Il convegno, organizzato dall’Osservatorio Foreste dell’Inea (Istituto Nazionale Economia Agraria), ha riunito per due giorni nel millenario cuore della comunità camaldolese (le celebrazioni per i mille anni della fondazione del monastero voluto da san Romualdo sono previste per il 2012, nda) ricercatori e tecnici forestali impegnati nella gestione attiva e sostenibile delle risorse ambientali ed interessati a capire come sia stato possibile – e se è replicare a questo esempio virtuoso! – coltivare la foresta in modo sostenibile.

L’occasione dell’incontro è stata la presentazione del lavoro di digitalizzazione di oltre quarantamila pagine di documenti conservati nei monasteri, nell’Archivio Storico di Firenze ed in numerose biblioteche in cui i  monaci camaldolesi raccontano il loro rapporto con la foresta e le tecniche utilizzate al fine di coniugare tutela ambientale con lo sviluppo socio-economico della zona. L’intero archivio è visitabile all’indirizzo www.codiceforestale.it.Per Alberto Manelli, direttore generale Inea, l’incontro ha avuto sì un grande valore scientifico ma anche culturale, «perché questo progetto – nato nel 2003, con la stipula di un protocollo tra il “Colegium Scriptorium Fontis Avellanae” e l’Eim in cui presero avvio le prime attività di ricerca concluse con la realizzazione di un primo censimento dei fondi camaldolesi conservati negli archivi di Stato e con una ricerca tematica su fonti e fondi dell’archivio di Camaldoli inerenti la gestione selvicolturale camaldolese e proseguito fino al 2009 con la ricostruzione del Codice forestale camaldolese – ci aiuta a capire che le foreste non sono luoghi chiusi, da conservare. Sono invece realtà vive in cui l’uomo deve essere presente per lavorare, produrre energia, divertirsi. Dobbiamo ribaltare l’idea secondo cui le foreste dei Paesi ricchi sono da conservare intatte mentre quelle dei Paesi in via di sviluppo sono invece fonti da sfruttare in modo indiscriminato».

Dom Salvatore Frigerio, camaldolese, presidente e fondatore del “Collegium Scriptorium Fontis Avellanae”, è entusiasta del risultato perché «siamo riusciti a mettere a disposizione della comunità scientifica quella che fino a qualche anno fa era soltanto una galassia di documenti sparsi che ci stanno rivelando cose straordinarie. È incredibile con quanto anticipo i monaci avessero intuito aspetti fondamentali per la gestione del territorio, come il controllo idro-geologico della pianura e si preoccupassero di fare progetti in questo senso. Una visione molto moderna se pensiamo al dissesto idro-geologico dell’Appennino e del Paese».

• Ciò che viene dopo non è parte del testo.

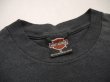 画像4: HARLEY DAVIDSON VTG T-SHIRT BLACK XL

Alla due giorni camaldolese hanno partecipato inoltre Quinto Fontana, comandante regionale per la Toscana del Corpo Forestale dello Stato, Luca Rossi per il Parco Nazionale Foreste Casentinesi e Simone Borchi per la Comunità Montana Casentino.

Il Codice forestale camaldolese

Esprime la sintonia profonda tra la ricerca spirituale e la cura della foresta. Costituito da una complessa serie di norme e disposizioni con le quali per secoli, i monaci camaldolesi hanno gestito e tutelato le loro foreste. Oggi si trova contenuto in libri e documenti specifici, ma soprattutto frammentato in una miriade di carte e di scritture minori (contratti, verbali, promemoria e corrispondenza di vario genere) sparse in archivi, biblioteche e collezioni private.

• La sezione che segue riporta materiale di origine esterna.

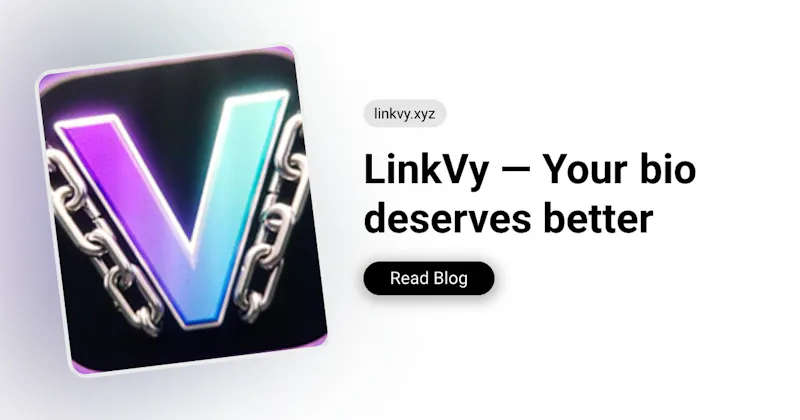 LinkVy screenshot 1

Grazie a questo progetto è già stato organizzato e messo a sistema in un’apposita banca dati online gran parte del materiale storico, prodotto in 857 anni e inerente la gestione forestale delle proprietà camaldolesi. Sul sito www.codiceforestale.it è possibile visionare una prima reale ricostruzione del Codice forestale camaldolese, ma anche approfondire lo studio diretto di questi documenti.

Attraverso i quali esperti in scienze storiche, forestali e agrarie, economiche, sociali, giuridiche potranno fornire spunti e contributi al dibattito sullo sviluppo culturale e socio economico delle popolazioni montane, secondo i principi della sostenibilità ambientale, dell’equilibrato utilizzo delle risorse naturali territoriali e della salvaguardia delle culture locali.

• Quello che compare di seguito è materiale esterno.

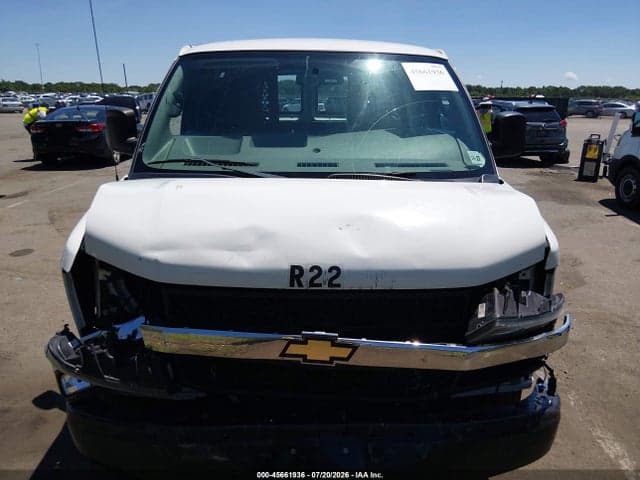 2018 CHEVROLET EXPRESS 2500 WORK VAN 6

Un nuovo equilibrio ecologico

Il rapporto che i Camaldolesi hanno avuto con le foreste casentinesi rimane unico nella storia dell’Appennino. Approfittando dei processi naturali per realizzare la rinnovazione, e con una meticolosa attività di sostituzione del faggio con nuovi impianti di abete, i monaci camaldolesi hanno unito la simbologia spirituale ascetica ad una essenza particolarmente apprezzata sul mercato del tempo. Hanno definito un nuovo equilibrio ecologico, custodito e mantenuto nei secoli con interventi colturali, tagli, semine e piantagioni fino a delineare quel paesaggio da tutti oggi riconosciuto come un patrimonio ambientale unico. L’esempio di gestione delle foreste realizzato dalla Congregazione benedettina di Camaldoli, che ha definito il paesaggio e la biodiversità appenninica, oggi è formalmente riconosciuto nell’istituzione del Parco nazionale delle Foreste Casentinesi. Il paesaggio e l’ambiente che vogliamo salvaguardare e tutelare con leggi e vincoli, è in realtà frutto di una «violenza ambientale». Soddisfacendo le proprie necessità spirituali ed economiche i Camaldolesi hanno gestito il territorio consapevoli che le stesse necessità le avrebbero avute le generazioni successive.

La peculiarità dei Camaldolesi nella gestione dei boschi, in partenza trasmessa oralmente, è data dall’inserimento ufficiale nelle regole della vita quotidiana dei monaci con le prime norme scritte a tutela dell’integrità della foresta nella legislazione di Gherardo nel 1278, fino a essere incorporate nella Regola camaldolese del 1520 promulgata da Paolo Giustiniani. Una Regola scritta, quindi, per determinare vita e l’azione quotidiana dei monaci, attenta alla voce delle popolazioni locali che con loro condividevano il territorio, ma non una Regola immutabile né immutata. L’attenzione al territorio e le cure colturali dedicate nei secoli dai Camaldolesi alle abetine Casentinesi e al benessere sociale delle comunità casentinesi, si sono evolute e adattate nel tempo contestualmente alle necessità.